Over the last decade, Argentina has opened to its Latin
American neighbors and the rest of the world, finally
realizing that it could no longer afford standoffishness.
But the old problem of a rapacious ruling class has been
compounded by the arrival of foreign companies willing, it
appears in retrospect, to do anything to get a slice of the
pie, including payment of bribes in return for sweetheart
contracts.
"The looting of the country comes from both within and
outside," said Marcos Aguinis, author of "The Intolerable
Charm of Being Argentine," a recent best seller. "Foreign
investment here didn't take risks either. What came was
volatile short- term capital looking for a quick return and
an easy exit, content to earn a 20 percent rate of return
and send the money home instead of reinvesting."
No one can say that Argentines, the most highly literate
population in Latin America, are not reflective about
themselves or their national malaise. Buenos Aires is said
to have the heaviest per capita concentration of
psychoanalysts of any city in the world, and even with the
country in ruins, fliers continue to be posted on walls
here inviting the depressed to group therapy sessions that
teach how to "live with joy and little money."

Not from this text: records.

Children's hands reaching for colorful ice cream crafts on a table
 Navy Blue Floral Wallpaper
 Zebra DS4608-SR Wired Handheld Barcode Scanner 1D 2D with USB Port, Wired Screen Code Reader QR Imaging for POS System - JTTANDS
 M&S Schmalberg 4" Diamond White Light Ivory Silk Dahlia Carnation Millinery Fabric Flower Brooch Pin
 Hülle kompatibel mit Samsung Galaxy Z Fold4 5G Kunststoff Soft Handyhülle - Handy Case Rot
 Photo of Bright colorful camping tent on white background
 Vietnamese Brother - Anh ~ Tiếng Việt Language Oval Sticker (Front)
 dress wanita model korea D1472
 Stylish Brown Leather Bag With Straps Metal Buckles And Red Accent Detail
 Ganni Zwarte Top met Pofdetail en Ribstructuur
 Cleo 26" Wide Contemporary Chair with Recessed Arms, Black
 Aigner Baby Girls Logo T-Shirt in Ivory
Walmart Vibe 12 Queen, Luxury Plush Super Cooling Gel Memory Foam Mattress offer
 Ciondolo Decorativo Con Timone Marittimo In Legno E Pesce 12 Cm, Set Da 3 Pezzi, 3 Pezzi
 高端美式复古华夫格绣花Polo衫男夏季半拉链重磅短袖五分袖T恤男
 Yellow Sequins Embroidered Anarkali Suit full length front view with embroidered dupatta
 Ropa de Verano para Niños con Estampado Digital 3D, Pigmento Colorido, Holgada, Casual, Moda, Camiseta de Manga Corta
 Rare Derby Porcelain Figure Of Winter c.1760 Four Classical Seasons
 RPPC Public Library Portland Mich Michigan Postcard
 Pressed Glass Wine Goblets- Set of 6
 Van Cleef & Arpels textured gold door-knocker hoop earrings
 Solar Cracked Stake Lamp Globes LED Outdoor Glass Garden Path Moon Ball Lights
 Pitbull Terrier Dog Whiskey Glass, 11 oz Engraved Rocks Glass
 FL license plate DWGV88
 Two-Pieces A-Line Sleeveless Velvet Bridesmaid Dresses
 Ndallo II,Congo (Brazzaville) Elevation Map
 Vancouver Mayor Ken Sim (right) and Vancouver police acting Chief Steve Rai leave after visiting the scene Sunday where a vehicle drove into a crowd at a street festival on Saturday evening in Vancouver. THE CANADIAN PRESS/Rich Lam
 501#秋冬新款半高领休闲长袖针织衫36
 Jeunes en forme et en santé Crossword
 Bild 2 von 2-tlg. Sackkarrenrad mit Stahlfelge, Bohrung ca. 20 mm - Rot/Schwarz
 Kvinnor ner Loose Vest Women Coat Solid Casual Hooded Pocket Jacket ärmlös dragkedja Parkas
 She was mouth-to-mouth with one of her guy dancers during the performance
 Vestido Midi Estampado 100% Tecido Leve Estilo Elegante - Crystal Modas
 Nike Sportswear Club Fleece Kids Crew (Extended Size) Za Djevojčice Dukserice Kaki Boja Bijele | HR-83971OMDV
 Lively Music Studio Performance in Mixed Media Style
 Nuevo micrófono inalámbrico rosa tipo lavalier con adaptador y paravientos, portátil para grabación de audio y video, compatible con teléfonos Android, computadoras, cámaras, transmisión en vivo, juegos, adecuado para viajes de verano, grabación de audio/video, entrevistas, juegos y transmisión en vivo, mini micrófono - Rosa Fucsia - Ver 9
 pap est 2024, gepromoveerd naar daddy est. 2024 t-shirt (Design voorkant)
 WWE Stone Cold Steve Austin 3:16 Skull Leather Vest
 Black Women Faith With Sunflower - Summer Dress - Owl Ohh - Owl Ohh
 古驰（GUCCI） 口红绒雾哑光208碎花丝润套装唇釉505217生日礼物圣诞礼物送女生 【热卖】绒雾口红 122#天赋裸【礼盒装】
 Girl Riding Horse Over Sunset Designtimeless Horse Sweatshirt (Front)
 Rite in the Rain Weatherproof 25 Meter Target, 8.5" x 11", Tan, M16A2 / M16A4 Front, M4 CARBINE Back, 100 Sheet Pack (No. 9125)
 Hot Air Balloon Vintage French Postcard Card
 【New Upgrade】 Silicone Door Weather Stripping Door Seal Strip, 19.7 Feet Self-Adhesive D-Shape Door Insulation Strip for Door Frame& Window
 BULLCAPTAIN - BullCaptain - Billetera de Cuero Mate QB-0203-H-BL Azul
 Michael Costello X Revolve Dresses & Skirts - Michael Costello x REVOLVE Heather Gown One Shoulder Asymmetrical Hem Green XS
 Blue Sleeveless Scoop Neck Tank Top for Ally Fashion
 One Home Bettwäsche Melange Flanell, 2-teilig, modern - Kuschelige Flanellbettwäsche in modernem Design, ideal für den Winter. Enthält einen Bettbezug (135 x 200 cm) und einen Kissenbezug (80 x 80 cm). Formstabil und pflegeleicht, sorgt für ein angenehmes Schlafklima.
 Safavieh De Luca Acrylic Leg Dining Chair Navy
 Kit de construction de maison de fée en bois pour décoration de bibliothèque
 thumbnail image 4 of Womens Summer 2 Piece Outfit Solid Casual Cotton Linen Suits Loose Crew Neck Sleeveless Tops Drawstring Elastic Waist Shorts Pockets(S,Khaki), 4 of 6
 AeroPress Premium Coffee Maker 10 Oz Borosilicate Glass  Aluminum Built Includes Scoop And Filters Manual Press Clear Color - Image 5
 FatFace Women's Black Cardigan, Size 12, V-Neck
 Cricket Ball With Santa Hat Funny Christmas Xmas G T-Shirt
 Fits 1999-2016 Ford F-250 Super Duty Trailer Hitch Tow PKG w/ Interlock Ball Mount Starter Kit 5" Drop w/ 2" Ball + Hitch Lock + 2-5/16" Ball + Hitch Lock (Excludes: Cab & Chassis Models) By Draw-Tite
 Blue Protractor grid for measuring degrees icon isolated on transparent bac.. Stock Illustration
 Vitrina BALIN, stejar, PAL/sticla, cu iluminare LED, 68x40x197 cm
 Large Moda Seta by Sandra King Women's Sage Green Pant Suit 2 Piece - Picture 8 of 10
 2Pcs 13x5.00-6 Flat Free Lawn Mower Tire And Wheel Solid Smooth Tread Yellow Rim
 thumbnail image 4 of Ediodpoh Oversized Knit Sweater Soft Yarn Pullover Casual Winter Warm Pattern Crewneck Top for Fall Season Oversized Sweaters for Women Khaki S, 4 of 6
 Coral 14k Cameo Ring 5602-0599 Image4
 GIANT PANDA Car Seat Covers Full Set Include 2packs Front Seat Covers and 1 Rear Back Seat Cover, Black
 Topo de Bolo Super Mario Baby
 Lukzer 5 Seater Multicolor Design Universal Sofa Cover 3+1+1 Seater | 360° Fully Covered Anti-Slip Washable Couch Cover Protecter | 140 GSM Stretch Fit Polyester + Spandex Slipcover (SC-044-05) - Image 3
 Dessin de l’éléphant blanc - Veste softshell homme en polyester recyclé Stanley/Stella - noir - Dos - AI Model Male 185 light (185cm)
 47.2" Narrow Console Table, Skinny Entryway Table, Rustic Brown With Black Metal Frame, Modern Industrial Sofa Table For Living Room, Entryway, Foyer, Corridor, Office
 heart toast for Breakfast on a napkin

Borges was no friend of psychoanalysis, and as he saw it,
the typically Argentine bemoaning of "our solitude, our
perdition and our primitive character has, like
existentialism, the charms of poignancy." But even that
emphasis on melancholy self-examination has now come to be
seen as a symptom of the country's ills and skewed
priorities.
"Instead of investing in technology and science, the effort
was put into training psychiatrists and lawyers because
that was easier and didn't require as much expense." said
Mr. Aguinis, a former minister of culture. "We had the same
level of human talent as Brazil, if not better. But they
were the ones who ended up industrializing, not us, because
they were willing to spend money on equipment and
laboratories to train engineers and chemists."
What the current crisis requires, most Argentines say, is
action, and not more "cafe chatter." But the country
remains divided and disorderly, perhaps as much so as in
1925, when Argentina was nearing the end of its golden age
and Albert Einstein, visiting here and puzzled by what he
saw, asked, "How can so disorganized a country progress?"